Despite the notification’s emphatic statement that Gramick and Nugent “are permanently prohibited from any pastoral work involving homosexual persons and are ineligible, for an undetermined period, for any office in their respective religious institutes,” the pair continued their public tours across the country, speaking against the CDF’s ban on their activities.

On May 24, 2000, Nugent formally accepted the Holy See’s request that he refrain from all “pastoral initiatives” regarding homosexuals. Gramick did not; and to avoid censure from her religious superiors in the School Sisters of Notre Dame, she joined the Denver-based Sisters of Loretto.

In Perspective

Francis DeBernardo, the executive director of New Ways Ministry, eulogized Fr. Nugent in a statement released after his death.

“When few priests would do more than whisper about homosexuality, Fr.
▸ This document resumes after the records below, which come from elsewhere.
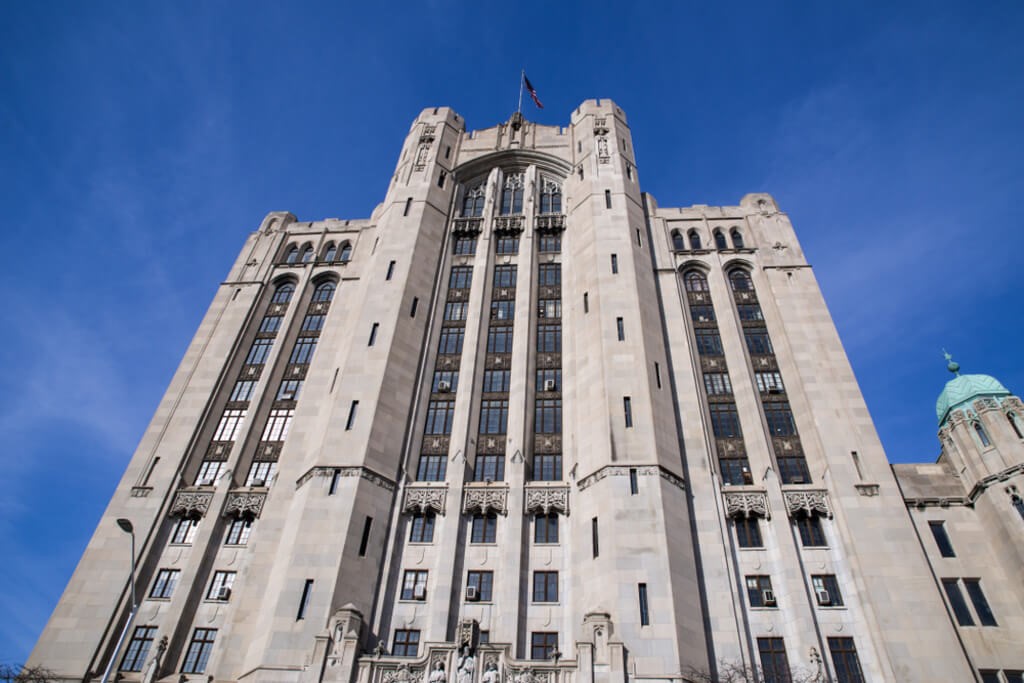 What Is A Masonic Service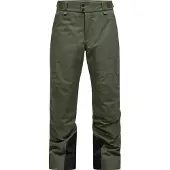 Peak Performance Maroon Insulated Hosen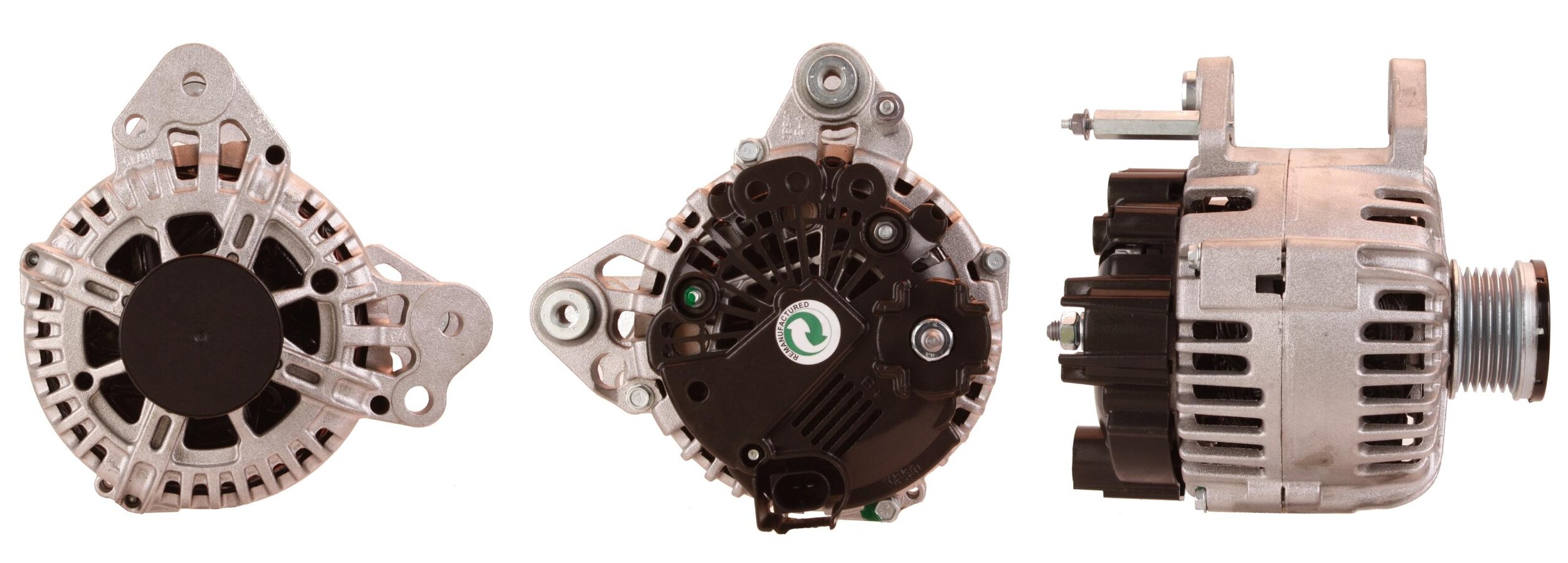 Alternator ELSTOCK 28-5926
Nugent was meeting with lesbian and gay people and encouraging them to claim their rightful place in the Catholic Church. During a time of intense homophobia in both Church and society, he exhibited uncommon courage and foresight in welcoming and affirming the goodness of God’s lesbian and gay children.”

“It is impossible to overestimate the impact and value of Fr. Nugent’s lesbian and gay ministry,” DeBernardo added. “He educated a generation of pastoral leaders who began to put into practice the inclusive ideals that he taught. A tireless researcher and writer, he produced a number of important works on pastoral care that helped to shape the movement in Catholicism of gay-friendly parishes.”

On the other hand, the career of Fr. Nugent exemplifies the radical moral corruption in the U.S. Church over a decades-long period, when rebellion against the Holy See and the Magisterium was a ticket to worldly success.

Pray for his soul.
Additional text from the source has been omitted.